Anyone know of a translator that converts an Intel Pentium assembly
listing into C? The quality of output code doesn't have to be great,
so long as it's accurate.


It is possible to write an emulator for a Pentium CPU in C.
From there, you can add

unsigned char memory[] = {
(code for program goes here)
(oh, yes, you probably have to throw in a copy of
the BIOS ROM and the OS, too)
};

and the emulator will run the code, and it's written in C.
(You will probably have to do something more specific about I/O
getting to a real device, and the emulator probably won't run
real-time).

Gordon L. Burditt


I am looking for something that more directly translates an .s (or
..asm) file into a .c file -- but that's an interesting observation
you've made.
Nov 14 '05 #3
Generally speaking, what you're asking cannot be done. Even assuming the
assembly was generated by a C compiler, it's still impossible in theory.
The general statement is "You can't make steak from a hamburger" -
information is destroyed in the compilation process; you cannot recover
the original code. Go to vivisimo and search for 'decompilation'.

You *can* generate a C program that does the equivalent of what the
assembly code does, although that depends on how strictly you define
'equivalent'. What you cannot do is create a C program that is guaranteed
to do all and only the things the original C program did. Information on
variable types can be lost. For example, a variable may be signed in the
C code, but the assembly gives no indication because there was nothing in
the C that actually made use of the sign. If you make it unsigned in the
decompilation, it's possible to get behaviour that is different from the
original program.

That being said, my rates are semi-reasonable.

--
#include <standard.disclaimer>
_
Kevin D Quitt USA 91387-4454 96.37% of all statistics are made up
Per the FCA, this address may not be added to any commercial mail list
Nov 14 '05 #4
Something that calls itself Unsolved Mysteries wrote:
Anyone know of a translator
that converts an Intel Pentium assembly listing into C?
In general, no.
C does not implement all Intel machine instructions.

Design information is discarded when C is converted to assembler.
More generally, this is a problem
when programmers fail to document their designs
*before* they implement them as C programs
because they never get around to documentation
after the design is working.
It is very hard to "reverse engineer" undocumented C code
because the original author's intent is unknown.
The quality of output code doesn't have to be great,
so long as it's accurate.


I used Google

http://www.google.com/

to search for

+"convert assembler to C"

and I found a couple of things that might interest you.
Nov 14 '05 #5
"Unsolved Mysteries" <um@domain.invalid> wrote in message
news:MP************************@news.verizon.net.. .
I am looking for something that more directly translates an .s (or
.asm) file into a .c file -- but that's an interesting observation
you've made.


Disassembly works because there is a 1:1 (or nearly so) correspondence
between machine and assembly code. There is no such correspondence between
assembly and C; there are an infinite number of C sources that could result
in the same assembly listing and vice versa.

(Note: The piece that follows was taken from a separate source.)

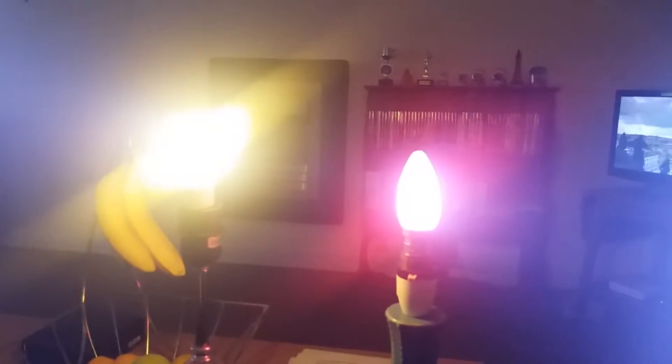So here comes the colored bulbs — red and yellow, the mainline colored lights. I'm just going to turn off the kitchen lights.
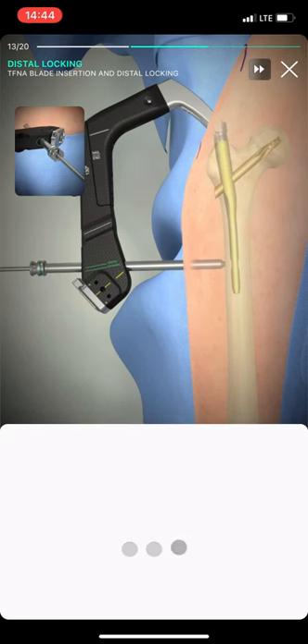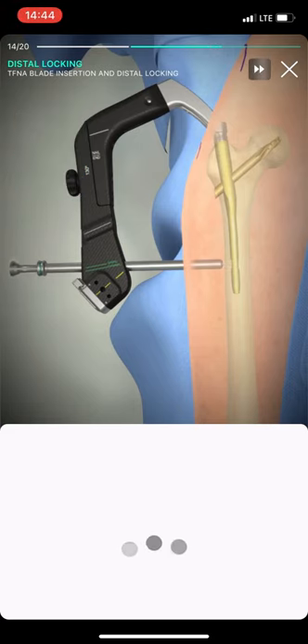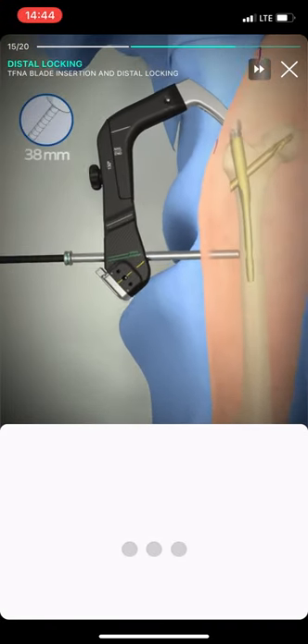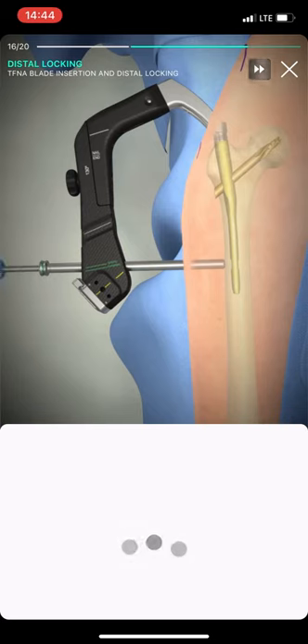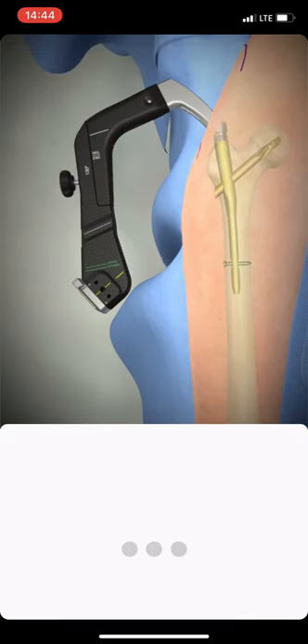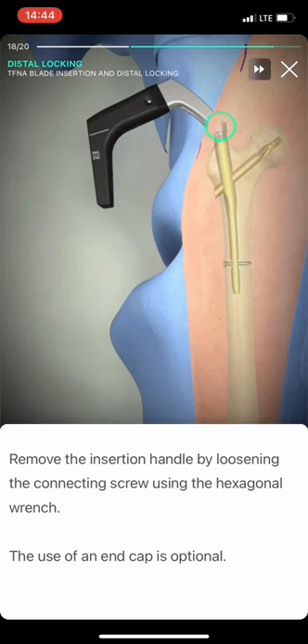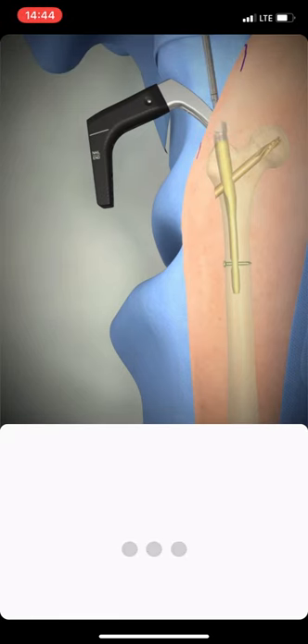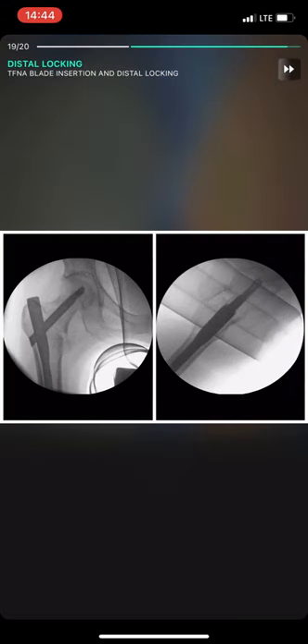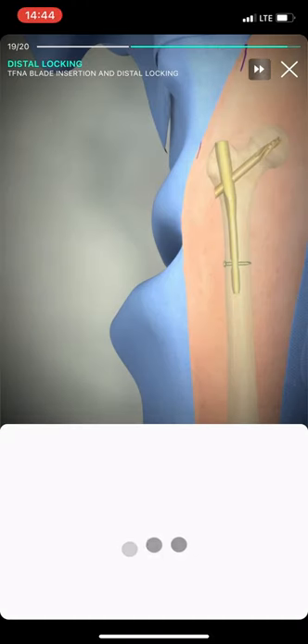Insert the 4.0 mm drill bit and drill through both cortices under image intensification guidance. Check the final position of the implant in both planes. Close the layers in an anatomic manner.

So, if you want the original C source corresponding to a given assembly
file, you're completely out of luck. If you want _any_ C source that might
compile to a given assembly listing, you might have a chance of writing such
a program, but AFAIK none exists. Even with debug symbols (which aren't
guaranteed to exist), the C you end up with is unlikely to even
superficially resemble the original C program or even any C that a human is
likely to write.

S

--
Stephen Sprunk "Stupid people surround themselves with smart
CCIE #3723 people. Smart people surround themselves with
K5SSS smart people who disagree with them." --Aaron Sorkin

Nov 14 '05 #6
st*****@sprunk.org wrote...
"Unsolved Mysteries" <um@domain.invalid> wrote in message
I am looking for something that more directly translates an .s (or
.asm) file into a .c file -- but that's an interesting observation
you've made.


Disassembly works because there is a 1:1 (or nearly so) correspondence
between machine and assembly code. There is no such correspondence between
assembly and C; there are an infinite number of C sources that could result
in the same assembly listing and vice versa.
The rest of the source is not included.